On February 14, 2005, the New York District Office once again denied Kajtazi’s
application, finding that his parents were still married to each other and had not been
divorced prior to his turning 18. The decision was based on assertions made by his
mother, on February 17, 1994, and father, on July 31, 1985, in the context of their
naturalization applications, as recorded in their alien files, that they were “still married”
as of those dates. Neither ever mentioned a divorce or remarriage during naturalization
proceedings, and their contemporary affidavits were deemed not credible.
On August 23, 2005, when there had been no further developments in his habeas
case, Kajtazi filed a petition for writ of mandamus pro se in this Court, asking us to take
jurisdiction away from the District Court and assume it ourselves, or, in the alternative,
order the District Court to rule on his habeas petition. Kajtazi alleged a violation of his
4
right to due process insofar as habeas proceedings have been inordinately delayed.
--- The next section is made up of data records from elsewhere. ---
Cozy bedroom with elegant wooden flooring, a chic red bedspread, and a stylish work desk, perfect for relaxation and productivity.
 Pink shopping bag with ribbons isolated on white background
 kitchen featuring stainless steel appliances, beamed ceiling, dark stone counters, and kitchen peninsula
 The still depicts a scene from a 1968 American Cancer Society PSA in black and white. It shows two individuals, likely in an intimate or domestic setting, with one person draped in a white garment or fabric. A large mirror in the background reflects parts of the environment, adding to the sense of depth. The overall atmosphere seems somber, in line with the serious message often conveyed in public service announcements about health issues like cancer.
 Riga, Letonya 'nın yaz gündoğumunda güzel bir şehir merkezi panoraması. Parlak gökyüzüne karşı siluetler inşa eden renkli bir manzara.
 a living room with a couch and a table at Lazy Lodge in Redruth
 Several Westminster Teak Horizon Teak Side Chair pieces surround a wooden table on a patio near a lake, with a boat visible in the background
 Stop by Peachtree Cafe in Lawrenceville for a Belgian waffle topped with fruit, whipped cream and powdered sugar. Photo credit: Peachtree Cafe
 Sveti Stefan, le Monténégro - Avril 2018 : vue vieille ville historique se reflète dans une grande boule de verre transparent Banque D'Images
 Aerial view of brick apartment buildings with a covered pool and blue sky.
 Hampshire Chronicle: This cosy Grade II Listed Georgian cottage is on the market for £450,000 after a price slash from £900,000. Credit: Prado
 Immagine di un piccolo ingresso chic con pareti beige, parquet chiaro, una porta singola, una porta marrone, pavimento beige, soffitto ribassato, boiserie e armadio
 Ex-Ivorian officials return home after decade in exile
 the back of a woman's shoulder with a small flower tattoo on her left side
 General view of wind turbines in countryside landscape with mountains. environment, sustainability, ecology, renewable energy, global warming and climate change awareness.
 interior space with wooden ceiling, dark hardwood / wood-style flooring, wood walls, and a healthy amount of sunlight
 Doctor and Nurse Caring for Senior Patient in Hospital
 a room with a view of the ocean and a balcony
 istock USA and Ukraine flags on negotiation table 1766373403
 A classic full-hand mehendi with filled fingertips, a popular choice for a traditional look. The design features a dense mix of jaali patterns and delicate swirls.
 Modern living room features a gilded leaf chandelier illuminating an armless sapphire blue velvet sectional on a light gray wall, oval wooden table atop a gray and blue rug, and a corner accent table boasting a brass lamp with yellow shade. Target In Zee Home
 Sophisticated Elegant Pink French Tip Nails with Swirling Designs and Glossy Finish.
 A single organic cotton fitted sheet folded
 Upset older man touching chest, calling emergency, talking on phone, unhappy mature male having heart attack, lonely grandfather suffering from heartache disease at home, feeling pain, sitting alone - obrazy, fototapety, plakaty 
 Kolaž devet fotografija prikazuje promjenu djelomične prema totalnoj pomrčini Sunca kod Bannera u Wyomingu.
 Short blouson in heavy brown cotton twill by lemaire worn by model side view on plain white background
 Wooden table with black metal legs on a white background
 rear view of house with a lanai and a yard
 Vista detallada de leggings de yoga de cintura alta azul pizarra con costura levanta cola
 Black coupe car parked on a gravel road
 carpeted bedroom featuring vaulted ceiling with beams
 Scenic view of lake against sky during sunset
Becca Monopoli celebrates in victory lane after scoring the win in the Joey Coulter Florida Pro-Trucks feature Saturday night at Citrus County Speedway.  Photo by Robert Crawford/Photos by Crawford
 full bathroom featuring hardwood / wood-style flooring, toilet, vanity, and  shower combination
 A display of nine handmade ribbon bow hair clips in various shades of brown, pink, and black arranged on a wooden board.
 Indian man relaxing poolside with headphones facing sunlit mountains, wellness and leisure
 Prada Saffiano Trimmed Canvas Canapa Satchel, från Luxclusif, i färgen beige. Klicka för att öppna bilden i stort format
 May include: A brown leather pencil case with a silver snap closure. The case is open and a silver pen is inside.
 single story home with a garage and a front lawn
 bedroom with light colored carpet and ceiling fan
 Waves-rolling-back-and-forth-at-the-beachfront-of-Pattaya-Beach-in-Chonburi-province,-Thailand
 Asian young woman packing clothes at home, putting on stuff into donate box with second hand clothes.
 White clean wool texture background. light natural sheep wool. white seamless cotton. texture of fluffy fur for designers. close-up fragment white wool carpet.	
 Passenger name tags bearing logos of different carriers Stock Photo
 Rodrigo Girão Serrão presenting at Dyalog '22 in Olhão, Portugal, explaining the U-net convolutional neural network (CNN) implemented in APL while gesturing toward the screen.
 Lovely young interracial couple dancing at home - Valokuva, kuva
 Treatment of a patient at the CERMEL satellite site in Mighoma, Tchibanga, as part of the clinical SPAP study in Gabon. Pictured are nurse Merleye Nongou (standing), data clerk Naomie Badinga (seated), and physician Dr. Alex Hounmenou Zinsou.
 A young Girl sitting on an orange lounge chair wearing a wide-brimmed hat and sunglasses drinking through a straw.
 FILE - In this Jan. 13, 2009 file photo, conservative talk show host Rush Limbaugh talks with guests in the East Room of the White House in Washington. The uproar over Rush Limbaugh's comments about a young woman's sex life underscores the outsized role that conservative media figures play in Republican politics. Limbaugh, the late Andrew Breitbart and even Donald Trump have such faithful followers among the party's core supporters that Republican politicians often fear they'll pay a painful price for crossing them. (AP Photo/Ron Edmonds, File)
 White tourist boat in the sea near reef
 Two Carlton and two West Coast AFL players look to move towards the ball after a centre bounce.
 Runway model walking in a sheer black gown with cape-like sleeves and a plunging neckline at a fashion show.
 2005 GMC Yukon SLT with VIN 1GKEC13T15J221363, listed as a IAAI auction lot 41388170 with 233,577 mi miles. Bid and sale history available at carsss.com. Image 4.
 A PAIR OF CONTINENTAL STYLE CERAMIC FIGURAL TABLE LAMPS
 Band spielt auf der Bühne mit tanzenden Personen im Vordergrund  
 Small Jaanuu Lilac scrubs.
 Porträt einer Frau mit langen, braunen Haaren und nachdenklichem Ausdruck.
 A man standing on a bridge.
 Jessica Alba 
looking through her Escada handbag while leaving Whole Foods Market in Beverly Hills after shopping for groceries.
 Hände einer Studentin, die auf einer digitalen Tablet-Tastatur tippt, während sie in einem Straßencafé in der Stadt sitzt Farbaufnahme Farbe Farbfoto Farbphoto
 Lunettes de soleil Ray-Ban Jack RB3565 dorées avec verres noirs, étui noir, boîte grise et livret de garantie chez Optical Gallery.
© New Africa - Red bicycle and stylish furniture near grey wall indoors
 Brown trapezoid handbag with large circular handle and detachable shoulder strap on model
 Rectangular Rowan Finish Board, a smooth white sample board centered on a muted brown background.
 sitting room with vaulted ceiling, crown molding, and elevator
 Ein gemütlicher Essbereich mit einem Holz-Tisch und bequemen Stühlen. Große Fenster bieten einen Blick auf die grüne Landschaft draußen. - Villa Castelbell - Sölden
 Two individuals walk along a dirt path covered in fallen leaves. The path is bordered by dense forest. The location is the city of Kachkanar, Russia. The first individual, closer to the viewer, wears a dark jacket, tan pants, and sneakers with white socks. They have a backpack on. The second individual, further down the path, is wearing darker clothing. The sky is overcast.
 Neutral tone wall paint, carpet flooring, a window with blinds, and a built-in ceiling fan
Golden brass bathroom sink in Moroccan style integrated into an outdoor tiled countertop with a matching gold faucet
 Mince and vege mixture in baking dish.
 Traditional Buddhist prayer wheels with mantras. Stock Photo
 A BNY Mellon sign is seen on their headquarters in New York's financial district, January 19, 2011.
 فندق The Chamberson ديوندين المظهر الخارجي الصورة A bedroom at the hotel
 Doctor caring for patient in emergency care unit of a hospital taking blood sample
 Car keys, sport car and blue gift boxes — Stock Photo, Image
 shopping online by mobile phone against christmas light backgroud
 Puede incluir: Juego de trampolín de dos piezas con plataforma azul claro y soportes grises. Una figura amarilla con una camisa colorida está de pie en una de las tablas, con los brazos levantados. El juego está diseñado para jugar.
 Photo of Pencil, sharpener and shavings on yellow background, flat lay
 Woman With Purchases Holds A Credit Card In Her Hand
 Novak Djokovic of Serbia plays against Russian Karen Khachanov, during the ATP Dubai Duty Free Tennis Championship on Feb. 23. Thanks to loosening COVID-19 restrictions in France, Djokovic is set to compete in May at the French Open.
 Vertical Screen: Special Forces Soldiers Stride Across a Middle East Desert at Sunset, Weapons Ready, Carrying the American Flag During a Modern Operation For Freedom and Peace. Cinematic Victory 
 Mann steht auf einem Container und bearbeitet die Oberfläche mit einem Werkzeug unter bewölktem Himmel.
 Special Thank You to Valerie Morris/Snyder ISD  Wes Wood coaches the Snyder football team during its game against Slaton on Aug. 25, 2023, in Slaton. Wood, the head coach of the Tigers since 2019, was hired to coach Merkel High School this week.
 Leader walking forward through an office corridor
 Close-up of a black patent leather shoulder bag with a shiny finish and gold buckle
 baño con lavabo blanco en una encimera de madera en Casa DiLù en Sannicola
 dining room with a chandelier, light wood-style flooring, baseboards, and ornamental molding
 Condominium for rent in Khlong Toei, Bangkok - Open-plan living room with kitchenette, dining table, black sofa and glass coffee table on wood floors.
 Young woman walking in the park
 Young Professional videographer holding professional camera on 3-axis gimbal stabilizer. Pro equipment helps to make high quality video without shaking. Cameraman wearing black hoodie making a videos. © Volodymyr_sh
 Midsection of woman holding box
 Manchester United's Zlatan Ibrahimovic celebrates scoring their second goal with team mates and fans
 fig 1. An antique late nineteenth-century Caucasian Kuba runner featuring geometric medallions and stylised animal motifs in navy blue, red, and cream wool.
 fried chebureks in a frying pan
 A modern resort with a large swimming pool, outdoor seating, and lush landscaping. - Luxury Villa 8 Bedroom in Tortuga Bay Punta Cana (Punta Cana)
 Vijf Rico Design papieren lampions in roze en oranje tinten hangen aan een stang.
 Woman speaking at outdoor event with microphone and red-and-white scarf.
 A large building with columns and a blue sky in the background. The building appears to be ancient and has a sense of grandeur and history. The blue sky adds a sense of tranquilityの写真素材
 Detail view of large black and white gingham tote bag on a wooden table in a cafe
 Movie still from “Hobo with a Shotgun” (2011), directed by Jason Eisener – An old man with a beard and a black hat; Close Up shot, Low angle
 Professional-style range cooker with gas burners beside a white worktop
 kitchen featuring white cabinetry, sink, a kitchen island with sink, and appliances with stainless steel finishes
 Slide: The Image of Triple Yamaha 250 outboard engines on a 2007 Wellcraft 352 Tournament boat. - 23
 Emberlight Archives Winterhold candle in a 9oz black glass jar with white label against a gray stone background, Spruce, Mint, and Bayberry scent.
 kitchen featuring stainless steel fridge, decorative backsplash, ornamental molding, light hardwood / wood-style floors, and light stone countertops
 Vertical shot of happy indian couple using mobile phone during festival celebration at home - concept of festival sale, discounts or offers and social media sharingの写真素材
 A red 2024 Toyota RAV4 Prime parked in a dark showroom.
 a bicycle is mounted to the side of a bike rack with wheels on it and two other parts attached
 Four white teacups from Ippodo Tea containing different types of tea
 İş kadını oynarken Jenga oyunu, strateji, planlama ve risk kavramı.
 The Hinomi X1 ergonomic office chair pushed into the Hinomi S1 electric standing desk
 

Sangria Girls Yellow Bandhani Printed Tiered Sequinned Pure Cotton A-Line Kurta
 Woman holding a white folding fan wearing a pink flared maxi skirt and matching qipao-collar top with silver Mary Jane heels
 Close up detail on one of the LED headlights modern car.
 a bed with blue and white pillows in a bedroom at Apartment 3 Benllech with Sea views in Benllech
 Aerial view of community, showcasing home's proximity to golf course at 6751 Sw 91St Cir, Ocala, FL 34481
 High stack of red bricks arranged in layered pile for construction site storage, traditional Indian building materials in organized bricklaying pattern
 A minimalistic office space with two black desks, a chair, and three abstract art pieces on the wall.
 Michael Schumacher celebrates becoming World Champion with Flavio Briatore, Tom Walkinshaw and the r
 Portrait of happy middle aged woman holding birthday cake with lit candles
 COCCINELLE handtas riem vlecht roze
Although not scheduled to be released until February 13, 2006, Kajtazi asserts that he
would be eligible for early release for completing drug treatment were it not for the
detainer.
We will deny the petition for writ of mandamus. A writ of mandamus is an
extreme remedy that is invoked only in extraordinary situations. See Kerr v. United
States Dist. Court,
426 U.S. 394, 402 (1976). To justify the use of this extraordinary
remedy, a petitioner must show both a clear and indisputable right to the writ and that he
has no other adequate means to obtain the relief desired. See Haines v. Liggett Group
Inc.,
975 F.2d 81, 89 (3d Cir. 1992). Although an appellate court may issue a writ of
mandamus on the ground that undue delay is tantamount to a failure to exercise
jurisdiction, Madden v. Myers,
102 F.3d 74, 79 (3d Cir. 1996), the manner in which a
court controls its docket is discretionary, In re Fine Paper Antitrust Litigation,
685 F.2d
810, 817 (3d Cir. 1982).
In an order entered on August 31, 2005, the District Court, in pertinent part,
granted Kajtazi’s motion to reopen and scheduled an evidentiary hearing for September
20, 2005. The court appears to have concluded that, although Kajtazi has now exhausted
his available administrative remedies, a genuine issue of material fact exists with respect
to the authenticity of Kajtazi’s parents’ divorce decree. Kajtazi was able to obtain
documentation from a United Nations official in Kosovo that it is unlikely that anyone
5
will ever be able to obtain pre-conflict records to substantiate the legal separation of his
parents. Those public records have been either lost or destroyed in the political upheaval
in the former Yugoslavia.
It is thus clear from the August 31 Order that the District Court is aware of the
possibility of prejudice with the passing of time, and intends to move quickly to resolve
the factual issue concerning whether Kajtazi has satisfied 8 U.S.C. § 1432(a), specifically
whether he has established that his parents were indeed divorced by the Municipal Court
of Prizren in Kosovo in April 1985. Resolution of the factual issue will necessarily result
in a decision on the habeas petition. We thus will not disturb the court’s handling of
Kajtazi’s habeas case.
We will deny the petition for writ of mandamus.